Beginning with the line that contains "35/36 Harwich +", print each line to the end of the data exactly. Omit the pictures.

* * *

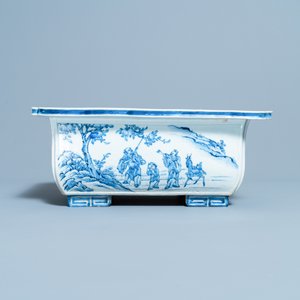 Une jardinière de forme rectangulaire en porcelaine de Chine en bleu et blanc, Kangxi/Yongzheng — photo 4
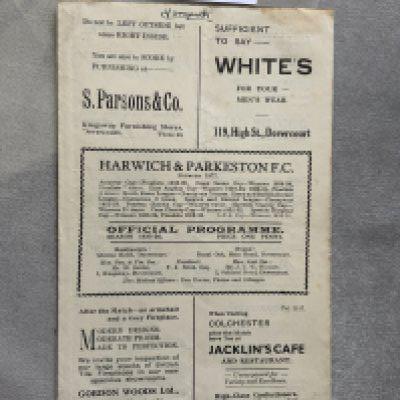 35/36 Harwich + Parkeston v Great Yarmouth Football Programme: Gatefold programme from the Eastern Counties League. Yarmouth written to cover and team changes inside.
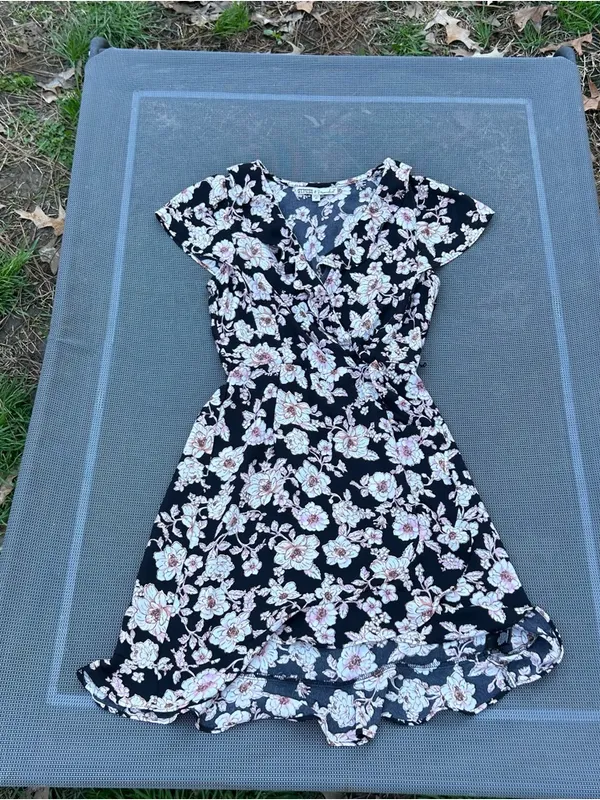 Black & pink floral dress gypsies &‎ moondust size medium spring summer whimsy - Image 2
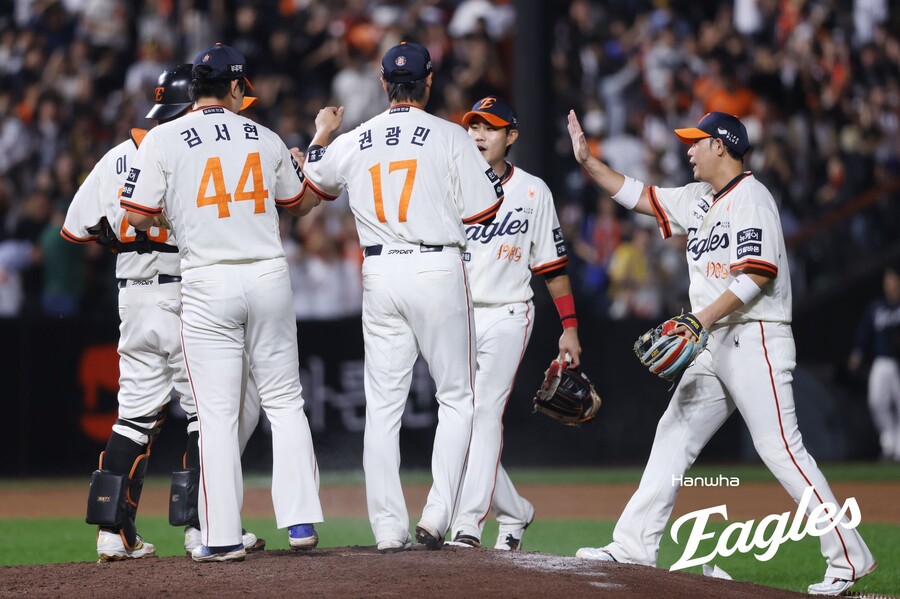 ▲ 한화는 9월 26일 LG전 승리로 창단 후 단일 시즌 최다승 타이기록을 세웠다. 1992년에 이어 올해도 81승을 달성했다. ⓒ 한화 이글스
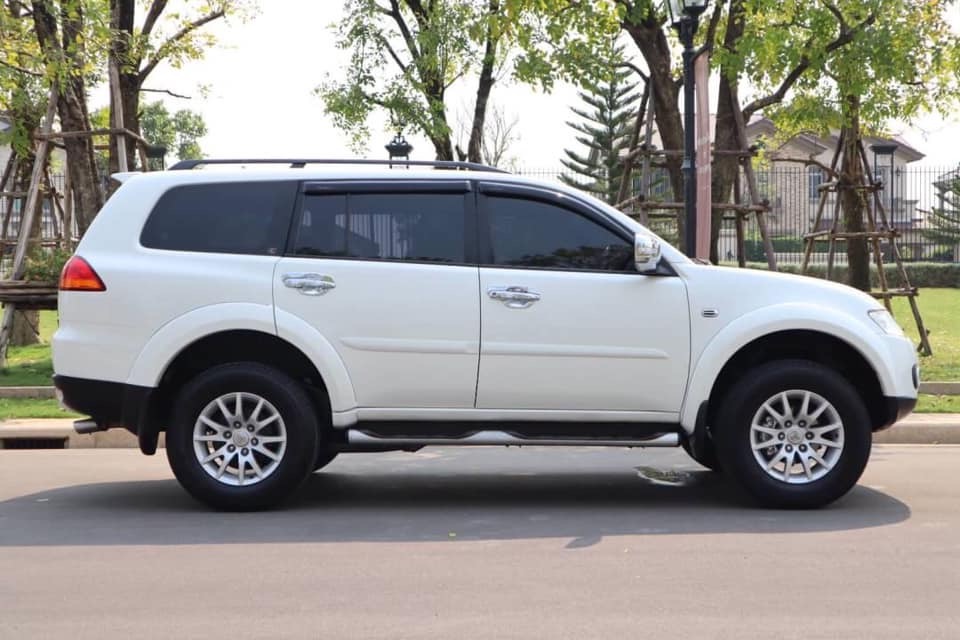 Mitsubishi Pajero Sport ปี 2012 สีขาว (รูปที่ 7)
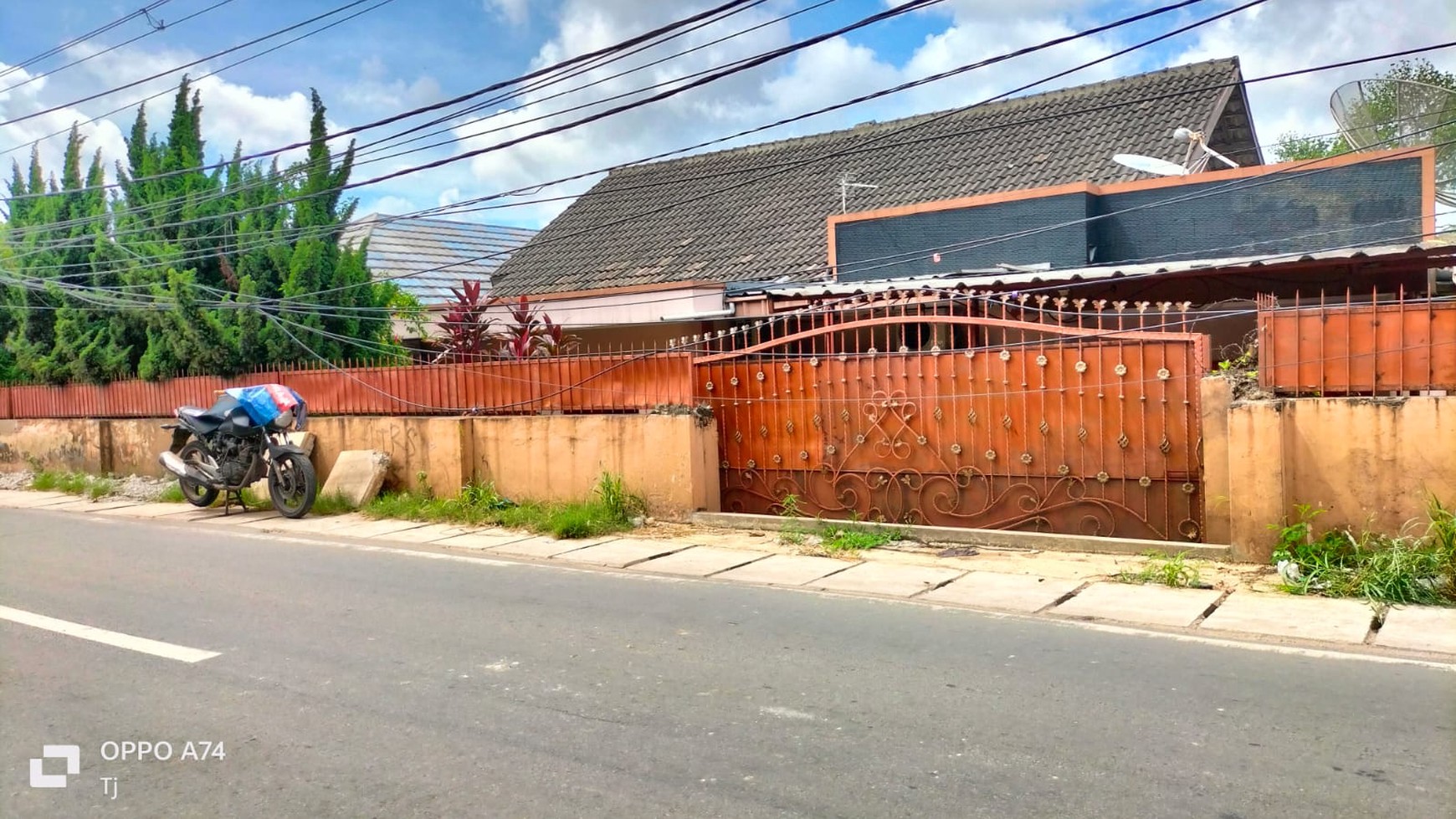 Rumah Siap Huni dengan Hunian Nyaman dan Asri @Pamulang .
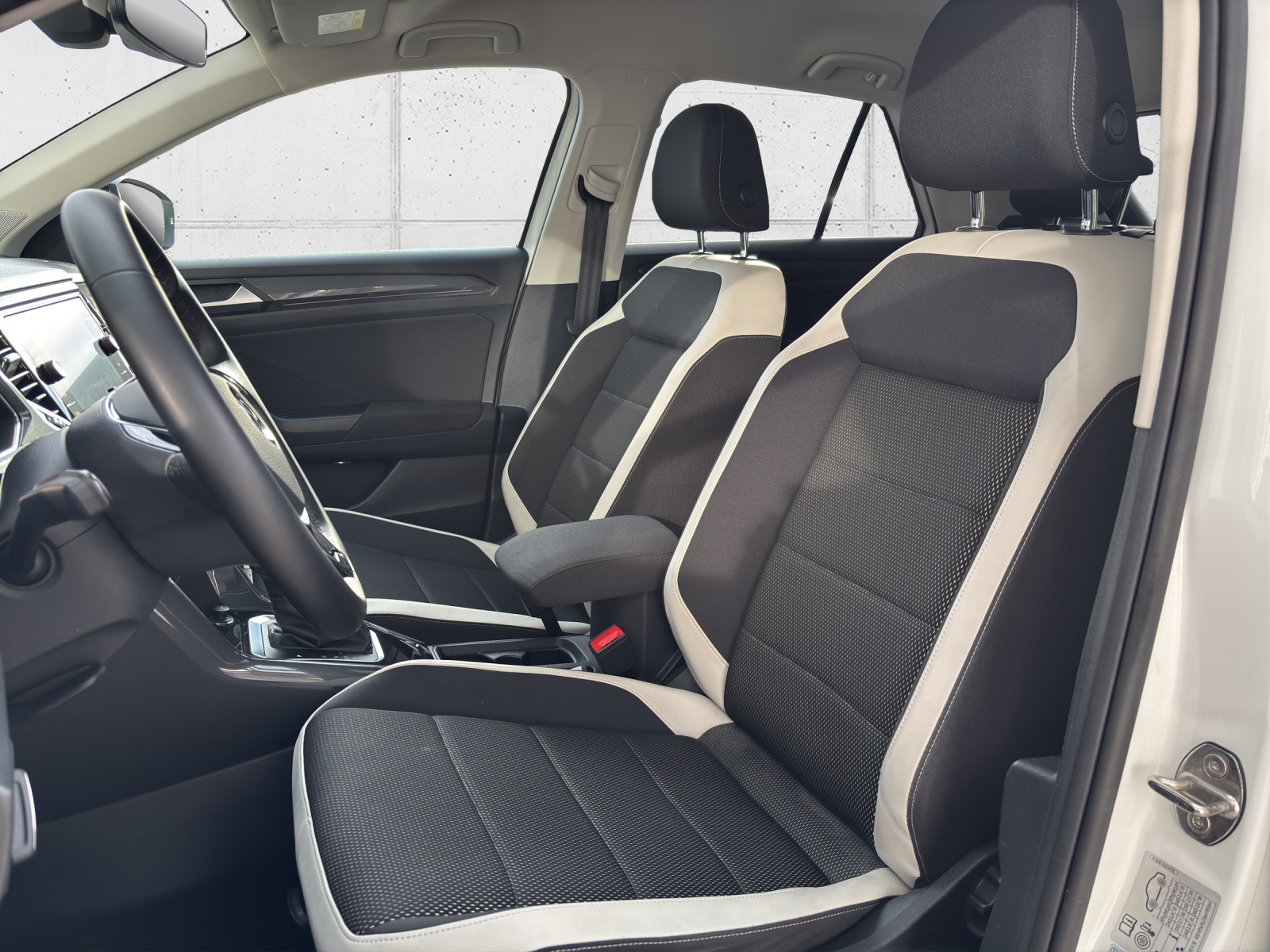 VW T-Roc 1.5 TSI EVO Sport R-Line DSG mit AHK, Rückfahrkamera & Winterräder-image-24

* * *

_Result of this task_
 35/36 Harwich + Parkeston v Great Yarmouth Football Programme: Gatefold programme from the Eastern Counties League. Yarmouth written to cover and team changes inside.
 Black & pink floral dress gypsies &‎ moondust size medium spring summer whimsy - Image 2
 ▲ 한화는 9월 26일 LG전 승리로 창단 후 단일 시즌 최다승 타이기록을 세웠다. 1992년에 이어 올해도 81승을 달성했다. ⓒ 한화 이글스
 Mitsubishi Pajero Sport ปี 2012 สีขาว (รูปที่ 7)
 Rumah Siap Huni dengan Hunian Nyaman dan Asri @Pamulang .
 VW T-Roc 1.5 TSI EVO Sport R-Line DSG mit AHK, Rückfahrkamera & Winterräder-image-24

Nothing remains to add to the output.